What is the source of such strength and joy in the ordinary repetitions of daily life? A profound contentment marked by a sense of completion, for one thing. “I don’t think there’s anything that I really need to do,” Harper says, “because I’ve done practically everything that I’ve ever wanted to do in the past.” Likewise, 101-year-old Cliff Crozier, who died last year, remarks, “I think I’ve done all that I wanted to do.” Later, he adds some nuance: “I don’t have many failures,” he says. “If I’m making a cake and it fails it becomes a pudding.” (He also says, “It always pleases me that I can keep robbing the government with my pension.”)
Are there regrets?

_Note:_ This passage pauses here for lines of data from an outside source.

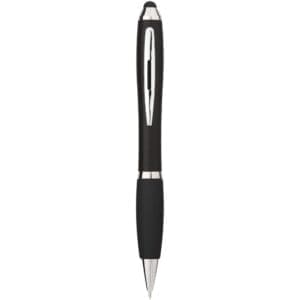 Kugelschreiber Nash Stylus farbig mit schwarzem Griff (blaue Mine)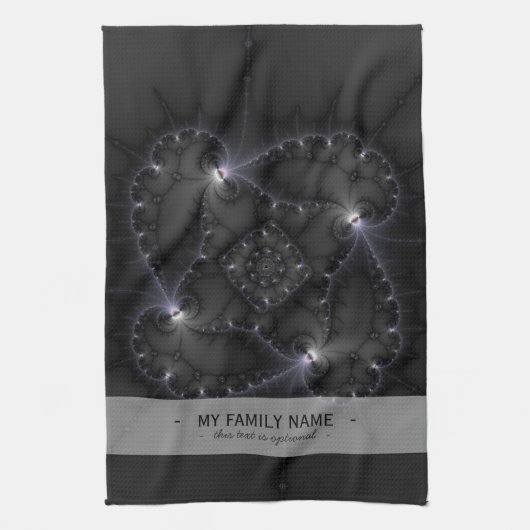 50 Grau - Fraktal Art Geschirrtuch (Vertikal)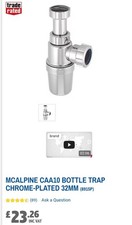 McAlpine CAA10 Bottle Trap Chrome-Plated 32mm Bundle X6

Naturally. 102-year-old John Denerley, who passed away in 2018, says ruefully, “If I’d have been more attentive at school in my early life, I’d have studied more, and harder…. Well, I didn’t do too bad in the end. But I think the sooner you start studying the better.” Crozier expresses regrets over the way he treated his father, a relationship that still causes him grief. These three are not, after all, superhumans. They are subject to the same pains as the rest of us. But they have achieved a vantage from which to see the whole of life from its limit. Whether or not we achieve the same, we can all learn from them how to make the most of the “extraordinary fortune,” as Montaigne wrote, “which has hitherto kept us above ground.”